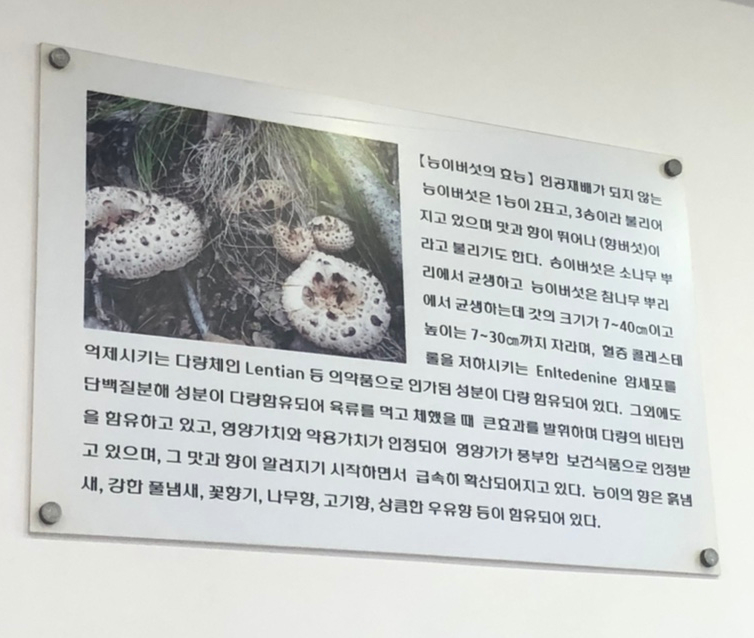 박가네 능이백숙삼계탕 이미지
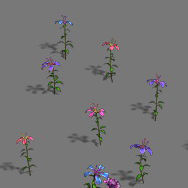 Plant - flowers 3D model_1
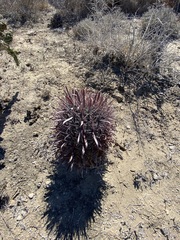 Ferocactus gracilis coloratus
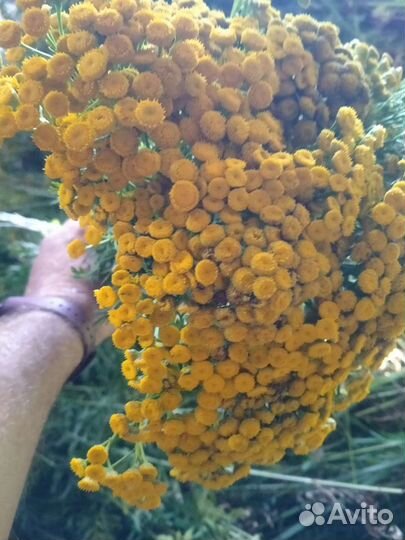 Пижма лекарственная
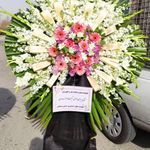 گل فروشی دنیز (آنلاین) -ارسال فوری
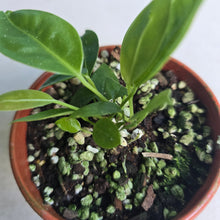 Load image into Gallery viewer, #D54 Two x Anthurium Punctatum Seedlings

- [What to do]
Give back exactly the lines from the line with "Ferocactus gracilis coloratus" through the end of the records, both included; keep all pictures out.

- [Answer section]
 Ferocactus gracilis coloratus
 Пижма лекарственная
 گل فروشی دنیز (آنلاین) -ارسال فوری
 Load image into Gallery viewer, #D54 Two x Anthurium Punctatum Seedlings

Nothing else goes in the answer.